I can't count the number of times people have telephoned me during my
mail server's scheduled downtime, complaining they got a "bounce
message" when they tried to mail me -- only to find out that the
diagnostic text, which they didn't bother to read, very clearly said
(paraphrasing) "I've been having some difficulty getting this message
through; it may be just a glitch, and there are still five days of
delivery attempts left, but I thought you should know."
A fair amount of thought has gone into making (most) DSNs informative;
it's a pity so many people can't be bothered to read them _at all_.
"550" and all the other SMTP error codes were defined in Jon Postel's
classic RFC821 document, in 1982. "550" is explained there as being
intended for "Requested action not taken: mailbox unavailable [E.g.,
mailbox not found, no access]" situations -- wording broad enough to
serve as a catch-all for most permanent delivery failures, other than
50x SMTP-command syntax errors, 551 "User not local" redirects, 552
"exceeded storage allocation" errors, 553 "mailbox syntax incorrect"
errors, and a vague-sounding 554 "transaction failed" that most often
means "destination host is so overloaded that it's refusing some mail as
a coping strategy".
But don't forget my larger point that you needn't know that, to read the
error messages: Generally, you just read the error text, and the
reason's _right there_.
"Access denied" in this case is, sadly, pretty delphic, and could mean
quite a lot of things, I suppose.
That brings us to "5.7.1": RFC1821's definition of the SMTP standard in
August 1982 was, by a decade and a half later, wildly successful by any
measure, but among its nagging design defects was the limitations in its
set of error codes.

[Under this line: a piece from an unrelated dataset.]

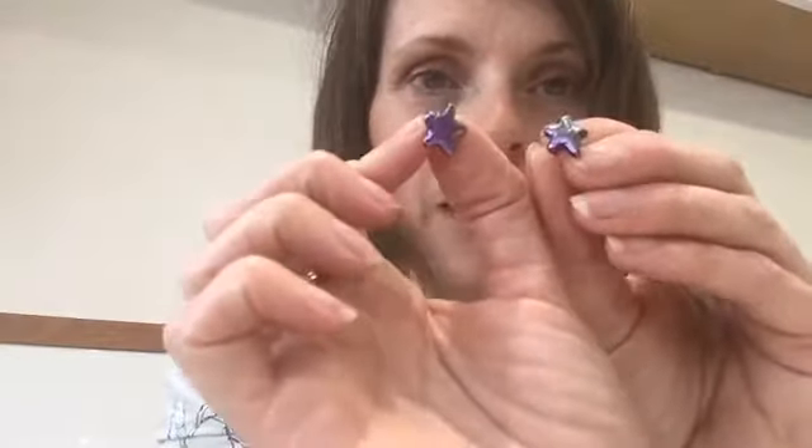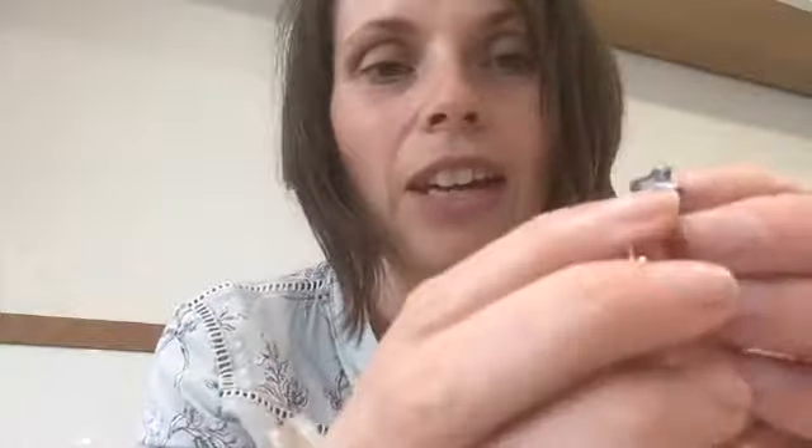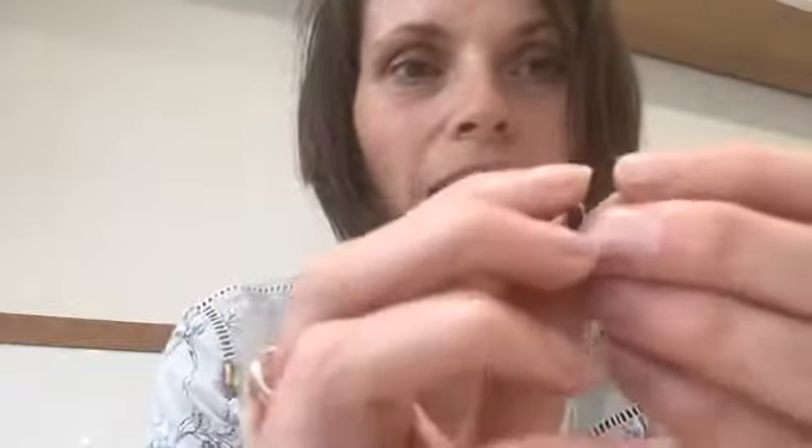I've been working on these little stars — I put a quick video up the other day of the stars being cut out. I've been working on these purple stars for a special commission. They've been fired, worked, mounted onto their backs, the butterfly is attached to the stars, and the next thing I'll be working on is the pendant part.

Many were just not specific enough, and there were
very few unassigned code numbers left to fill in gaps. Therefore,
"subcodes" were defined in January 1996's RFC1893, and follow a three-part
numerical format: "class.subject.detail".
The leading "class" tuple uses the same numerical convention the earlier
SMTP error codes did:
2.X.X = success
4.X.X = temporary failure
5.X.X = permanent failure
Each of these is further specified by "subject" tuples for the middle
X.0.X = this error concerns: other/undefined
X.1.X = this error concerns: sender or recipient address syntax/validity
X.2.X = this error concerns: recipient mailbox issues
X.3.X = this error concerns: recipient system problems
X.4.X = this error concerns: network or routing problems
X.5.X = this error concerns: failure somewhere in the mail delivery protocol
X.6.X = this error concerns: failure involving content-handling
X.7.X = this error concerns: security or policy failures
I could give a complete listing of the "detail" permutations (the third
tuple), but it'd be a bit long -- 49 entries -- because meaning differs
based on what values the other two tuples have. The full list is in
RFC1893, but the one relevant to your mail is:
X.7.1 Delivery not authorized, message refused
The sender is not authorized to send to the destination.
This can be the result of per-host or per-recipient
filtering. This memo does not discuss the merits of any
such filtering, but provides a mechanism to report such.
This is useful only as a permanent error.
So, basically, this string you got -- "550 5.7.1 Access denied" amounts
to: fedoranews.org thinks that you, your ISP, or the particulars of
your message shouldn't not be allowed to use it to send mail to
mailbox "tchung", for reasons basically unspecified but vaguely security
or filtering-related. Assuming you haven't done anything to get Tom
Chung's knickers into a bunch ;-> , possibly he has a misconfigured or
severely trigger-happy antivirus or antispam system? Or there's bad
blood between fedoranews.com and Blueyonder?
Along those lines, the error was triggered at exactly the point where
your ISP's outbound SMTP server said to fedoranews.org
MAIL FROM:<martinjh at blueyonder.co.uk>
Looks like something at fedoranews.org doesn't like specifically _your_
mailbox -- or your ISP. Either way, it seems a bit ill-tempered, at
You can follow the actual literal _progress_ or your message, up to the
point where fedoranews.com rejected it, in the pair of Received
headers sent back to you:
> Received: from [172.23.170.146] (helo=anti-virus03-09)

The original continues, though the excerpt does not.